**YOUR GOAL:**
Return a copy of every line in the records that includes the word "White".
====================
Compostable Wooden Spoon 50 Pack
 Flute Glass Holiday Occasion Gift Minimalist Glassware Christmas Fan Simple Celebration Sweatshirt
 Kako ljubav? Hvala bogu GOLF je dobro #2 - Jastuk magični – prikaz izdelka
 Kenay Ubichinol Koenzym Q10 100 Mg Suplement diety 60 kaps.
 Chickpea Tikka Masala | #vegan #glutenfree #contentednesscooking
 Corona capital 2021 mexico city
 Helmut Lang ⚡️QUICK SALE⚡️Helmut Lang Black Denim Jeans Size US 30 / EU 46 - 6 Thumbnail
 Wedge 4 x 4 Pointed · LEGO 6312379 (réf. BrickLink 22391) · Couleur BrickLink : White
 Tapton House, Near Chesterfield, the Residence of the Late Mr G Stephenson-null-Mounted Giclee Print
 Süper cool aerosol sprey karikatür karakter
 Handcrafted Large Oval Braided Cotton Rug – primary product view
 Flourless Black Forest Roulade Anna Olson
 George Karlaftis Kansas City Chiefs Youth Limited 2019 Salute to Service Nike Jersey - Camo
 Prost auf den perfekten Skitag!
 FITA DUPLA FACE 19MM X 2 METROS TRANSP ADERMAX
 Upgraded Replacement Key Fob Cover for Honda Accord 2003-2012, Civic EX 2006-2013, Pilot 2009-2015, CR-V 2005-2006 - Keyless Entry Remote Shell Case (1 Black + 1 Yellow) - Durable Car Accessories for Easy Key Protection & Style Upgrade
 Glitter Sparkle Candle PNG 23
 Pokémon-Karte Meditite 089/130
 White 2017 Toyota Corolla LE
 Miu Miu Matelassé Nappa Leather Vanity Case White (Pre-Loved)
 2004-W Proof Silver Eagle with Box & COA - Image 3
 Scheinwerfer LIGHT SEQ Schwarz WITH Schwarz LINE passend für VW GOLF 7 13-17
====================
**RESPONSE BELOW:**
 Wedge 4 x 4 Pointed · LEGO 6312379 (réf. BrickLink 22391) · Couleur BrickLink : White
 White 2017 Toyota Corolla LE
 Miu Miu Matelassé Nappa Leather Vanity Case White (Pre-Loved)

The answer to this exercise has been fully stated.